Members of the Munda tribe living in what is designated as a “core area” of the reserve met with officials from India’s Forest Department in September, Survival International said, having received assurances their rights would be respected.
“But the villagers reported to Survival International … that they felt ‘threatened’ and ‘cheated’ into signing an eviction document drawn up by the foresters,” the group said, adding that many tribes people did not understand the document, as it was in the Oriya language, which they could not read.
The statement added that some 32 families from the Khadia tribe who were relocated in December 2013 did not have proper housing or access to forest produce, which they rely on for their livelihoods, and were instead dependent on government handouts.
Local authorities denied the accusation, saying resettlement had been voluntary and that land, financial compensation and other benefits have been provided to affected communities in the reserve, which is home to 25 tigers.
“The allegation is absolutely false. Nobody can evict people forcibly. We have offered compensation and a host of facilities. People are coming on their own to our office and expressing their willingness to be relocated,” Anup Nayak, director of Similipal Tiger Reserve, told the Thomson Reuters Foundation.

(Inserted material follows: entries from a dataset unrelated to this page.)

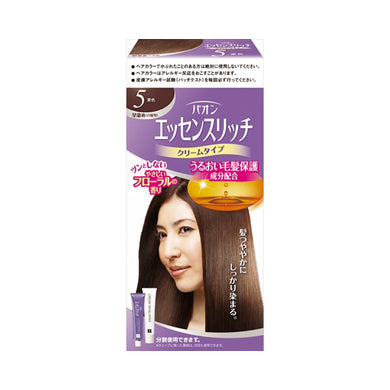 【送料無料】パオン　エッセンスリッチ　クリームタイプ　5JANCODE4987234311811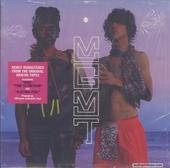 Oracular Spectacular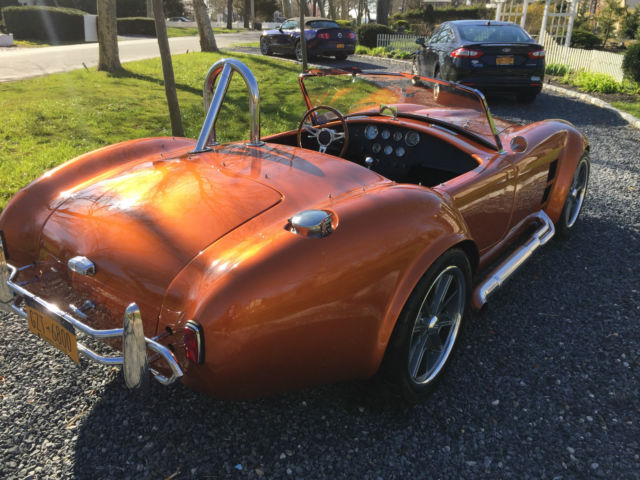 1967 Shelby Shelby Cobra - photo 9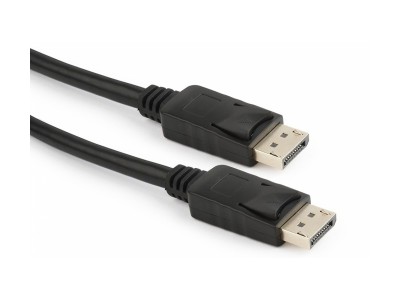 Gembird Display Port Kabel, 4k, 1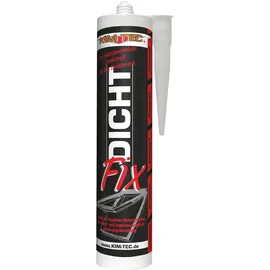 kim jarolim im- und Dicht-Fix 310 ml transparent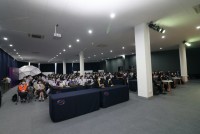 คณะศึกษาศาสตร์ มช. เป็นเจ้าภาพจัดค่ายวิทยาศาสตร์สานสัมพันธ์ฉันท์ วมว. ครั้งที่ 14 ภาคเหนือ 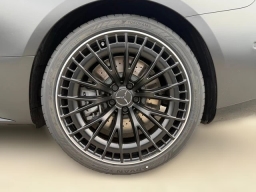 Mercedes-Benz CLE AMG CLE 53 4MATIC+ Cabriolet 2026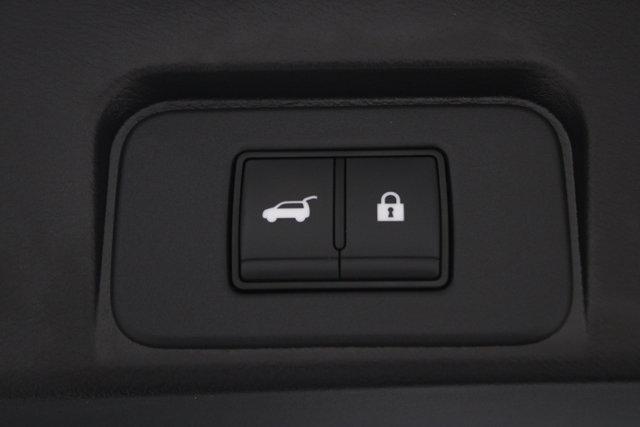 used 2023 Nissan Rogue car, priced at $22,279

“For the conservation of tigers, the core area is to be inviolate. The core area is absolutely necessary for wildlife and for the survival of tigers.”
Despite a slew of “pro-poor” policies, India’s economic boom has largely bypassed India’s tribes, who make up more than 8 percent of its 1.2 billion population, living in remote villages and eking out a living from farming, cattle rearing and collecting and selling fruit and leaves from the forests.
Levels of literacy among tribal people are among the lowest in the country, and rates of child malnutrition and maternal mortality among the highest.
Neglect by the authorities and a Maoist insurgency in the country’s central tribal belt have exacerbated their plight.
The Forest Rights Act, a law aimed at recognizing the right of indigenous tribes to inhabit the forests where their forefathers settled centuries earlier, was enacted in 2008.
But some environmentalists fear it is hindering efforts to stop big cat poaching.
India is home to half the world’s surviving tigers, with 1,706 living in the wild, compared to 100,000 at the beginning of the 20th century, according to a 2011 census. Experts say the country is losing the battle to save the big cats, citing poaching in its 28 tiger reserves as one of the main causes.